Positive and Negative Fractions

A fraction whose numerator and denominator are integers $$ \frac{m}{n} \ \text{with} \ m,n \in \mathbb{Z}, \ n \neq 0 $$ can be either positive (+) or negative (-).

Fractions fall into two simple categories

Positive fractions
Fractions with a positive sign are called positive fractions $$ + \frac{m}{n} $$ A fraction is positive when the numerator and the denominator have the same sign. $$ + \frac{m}{n} \sim \frac{+m}{+n} \sim \frac{-m}{-n} $$ In standard notation, the leading plus sign is usually omitted, so we simply write the fraction without it.
Example. The following are positive fractions $$ \frac{2}{3} \ , \ \frac{6}{4} \ , \ \frac{7}{5} \ , \ ... $$
Negative fractions
Fractions with a negative sign are called negative fractions $$ - \frac{m}{n} $$ A fraction is negative when the numerator and the denominator have opposite signs. $$ - \frac{m}{n} \sim \frac{-m}{+n} \sim \frac{+m}{-n} $$
Example. The following are negative fractions $$ - \frac{2}{3} \ , \ - \frac{6}{4} \ , \ - \frac{7}{5} \ , \ ... $$

A practical example

Consider the negative fraction

$$ - \frac{2}{3} $$

This fraction can be written in different but equivalent ways, depending on where the negative sign is placed.
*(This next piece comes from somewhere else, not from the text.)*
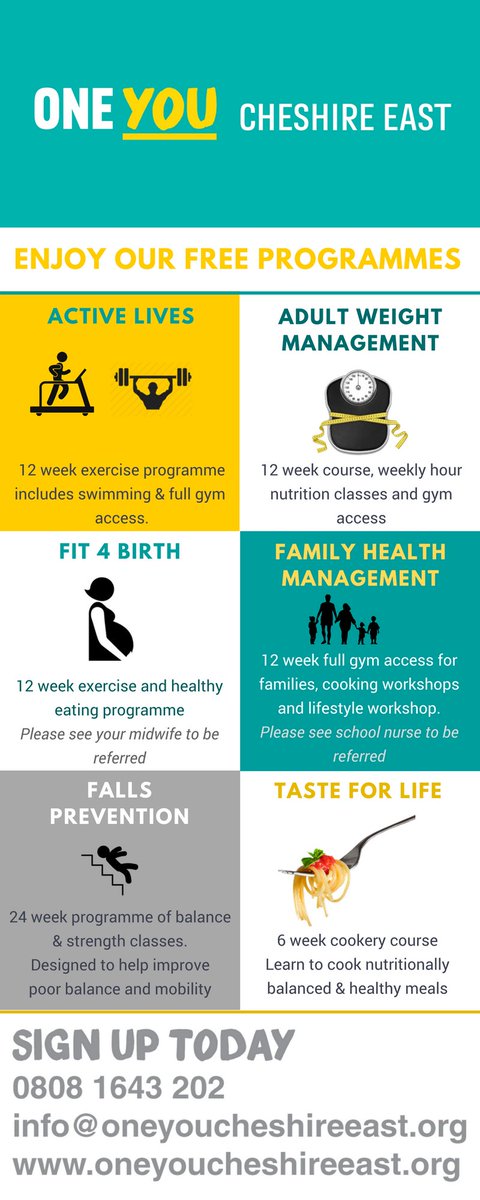 OneYouCE's tweet photo. Get through Dry January by getting more physically active and healthier with the FREE* One You healthy living programmes #oneyoucheshireeast #dryjanuary 
https://t.co/apjOpN7uGE https://t.co/65YnUoRdC9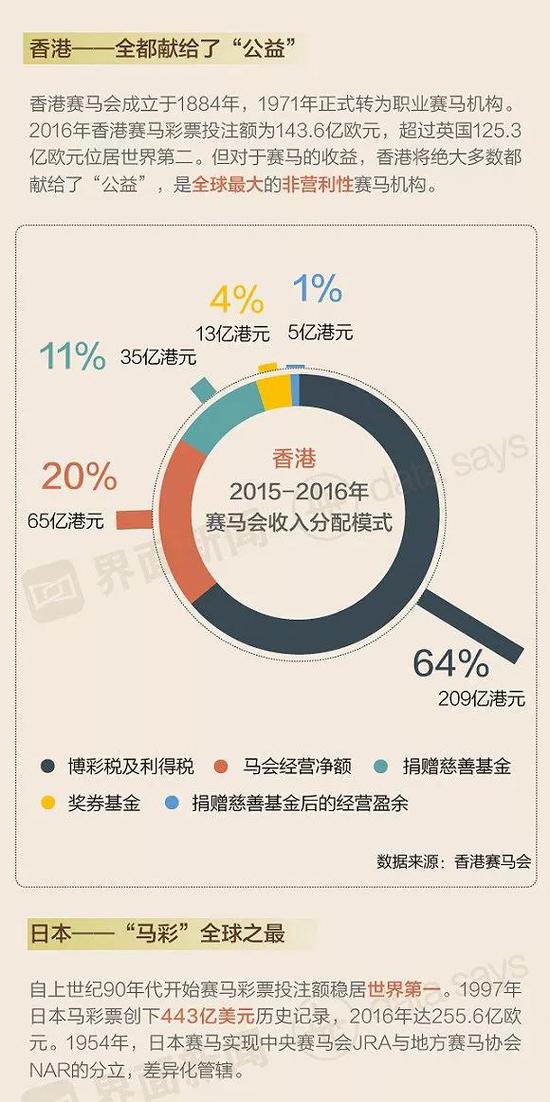 2024澳门特马今晚开奖亿彩网,全面解析数据执行_精装版68.749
$$ - \frac{2}{3} \sim \frac{-2}{3} $$

It can also be written as

$$ - \frac{2}{3} \sim \frac{2}{-3} $$

By the transitive property of equality, these forms are equivalent to each other

$$ \frac{-2}{3} \sim \frac{2}{-3} $$

Verification. To check that the fractions $$ \frac{-2}{3} \sim \frac{2}{-3} $$ are equivalent, compute the cross products by multiplying the numerator of each fraction by the denominator of the other. $$ -2 \cdot (-3) = 3 \cdot 2 $$ $$ 6 = 6 $$ Since the products are equal, the fractions are equivalent.

This reasoning applies in general to all fractions.